Following the success of Panzerblitz, Avalon Hill produced Panzer Leader, a similar design for tactical combat in Western Europe. The game included 4 modular boards, one showing a beach, and counters showing tanks, infantry, artillery, and aircraft counters for British, American, and German forces.
Scenarios start with a paratroopers holding a vital intersection on D-day and follows with beach landings, attempted breakouts, etc. in chronological progression. The game seemed a bit smoother in design than Panzerblitz but Panzerblitz had the benefit of being there first.
SPI in the meantime was taking the design in a different direction and introduced a similar magazine game, Combat Command with significant changes in scale and a promise of a continually evolving system.
Anyone who has seen Star Trek II: the Wrath of Khan will remember the simulation room and the Kobayashi Maru scenario. FASA had at one point gotten license to produce Star Trek gaming material and this board game was their answer to tactical space combat offering a simpler, easier to approach game than the more popular Star Fleet Battles from Task Force Games.

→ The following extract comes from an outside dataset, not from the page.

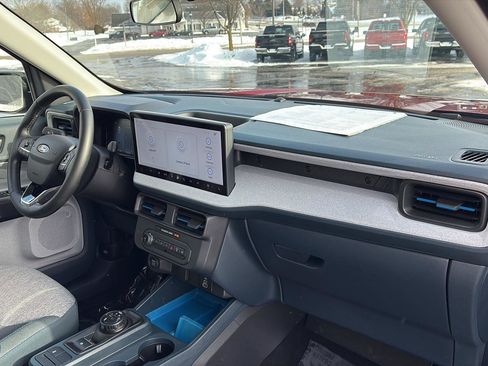 Used 2025 Ford Maverick XLT w/ Equipment Group 301A image 22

They also offered a range of ships derived from Star Trek Ship Recognition Manual which offered some unique designs that different from SFB and not necessarily appearing in any other Star Trek material. The offerings included Federation, Klingon, and Romulan ships as well as some others including the Kobayashi Maru for the completist.
The rules provide an introductory game, an intermediate game, and an advanced game designed for use within an RPG play thru where each member of the crew can perform in whatever role they are assigned to.
There seems to be little information on this company though it appears from the Star Blazer figures I have that they were likely producing miniatures for other firms licensed to handle particular products. I have read that the company was started by former employees of Grenadier Miniatures. The six packs below show only a handful of the available Star Blazers miniatures which were likely meant as a tie-in to a ruleset offered at that time. For those unfamiliar with Star Blazers, it was an early anime favorite in the US, altered from its original source to remove much of the violence and death in the original, Space Battleship Yamato.
SPI continued their exploration of tactical games with Dreadnought. James Dunnigan had earlier created the massive cardboard miniatures game Jutland for Avalon Hill. Here, capital ships are simplified to basic stats encapsulated on the colorful set of counters with simple silhouettes showing the ship from the air as little more than a black or white outline. The game covers naval warfare from 1906 through WWII and is supposed to include every battleship in action during those times. Cruisers and destroyers are presented more abstractly wherein a single counter represents multiple ships. Like so many of the naval games SPI was releasing at the time, this one uses the SiMove pad where orders are written for each ship prior to the turn.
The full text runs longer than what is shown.